*** Opening Available data ***
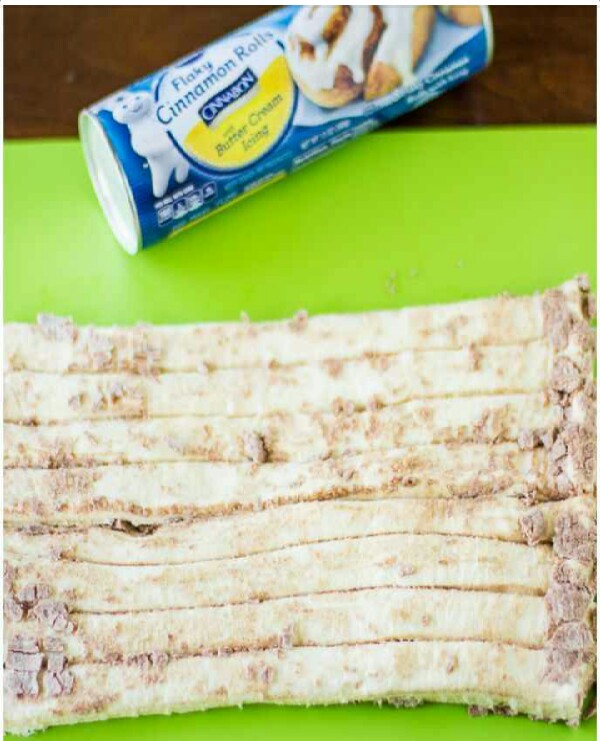 Cinnamon Roll Funfetti Cake! !!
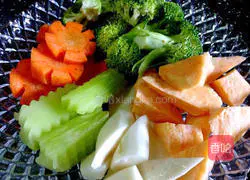 Seasonal Vegetable Steam Pot Chicken Recipe Illustration 7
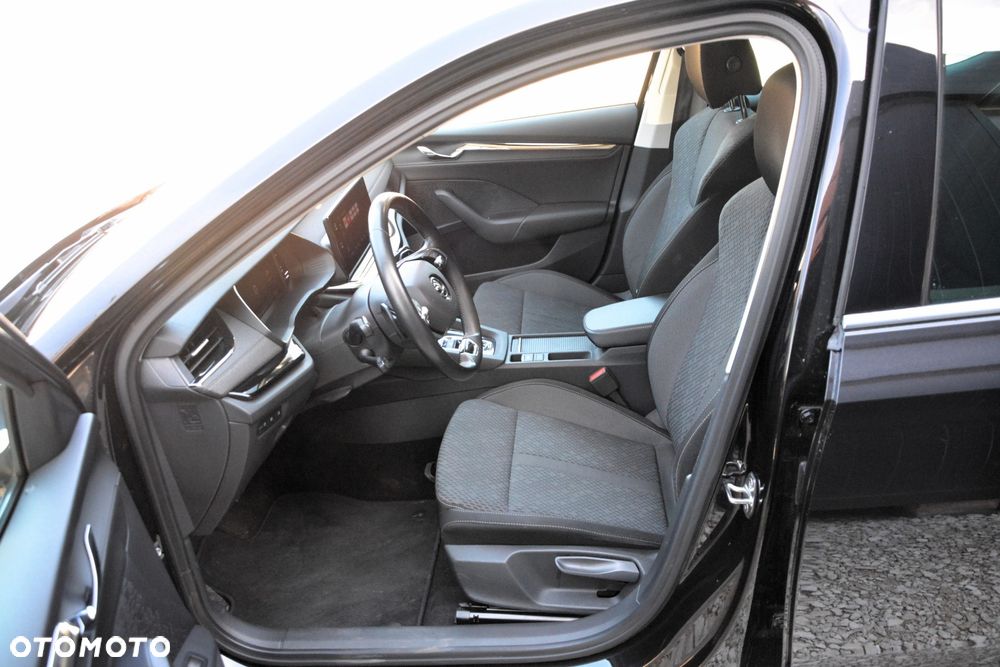 Skoda Octavia 2.0 TDI Style DSG - 9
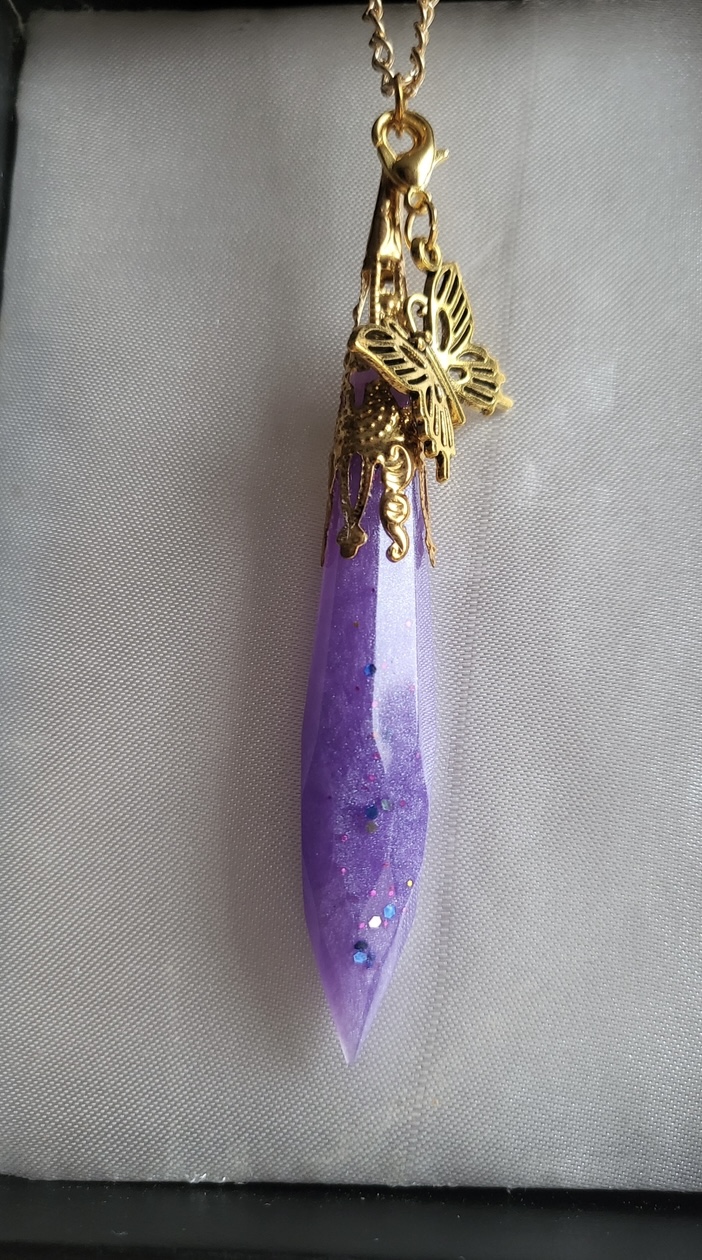 Shimmery glitter purple resin pendant necklace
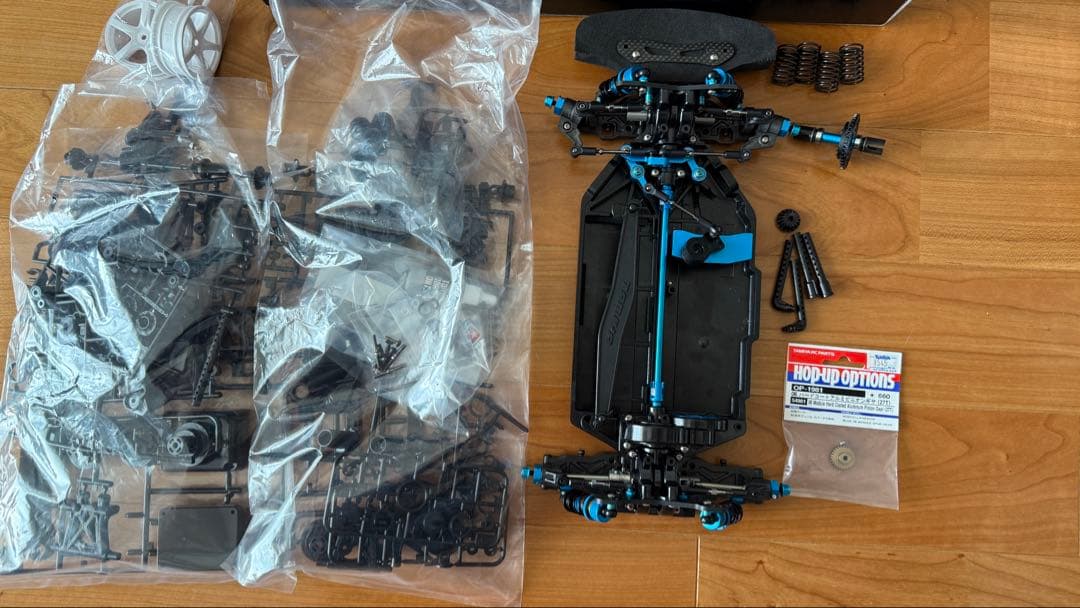 タミヤTT02 SRX メカ無し、オプション、チタンビス tt02srx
*** Closing Available data ***
Exercise objective: Transcribe the lines that run from the line bearing "Shimmery glitter purple" through the last line of the data. Keep the wording exact and leave out every picture.

Solution below:
 Shimmery glitter purple resin pendant necklace
 タミヤTT02 SRX メカ無し、オプション、チタンビス tt02srx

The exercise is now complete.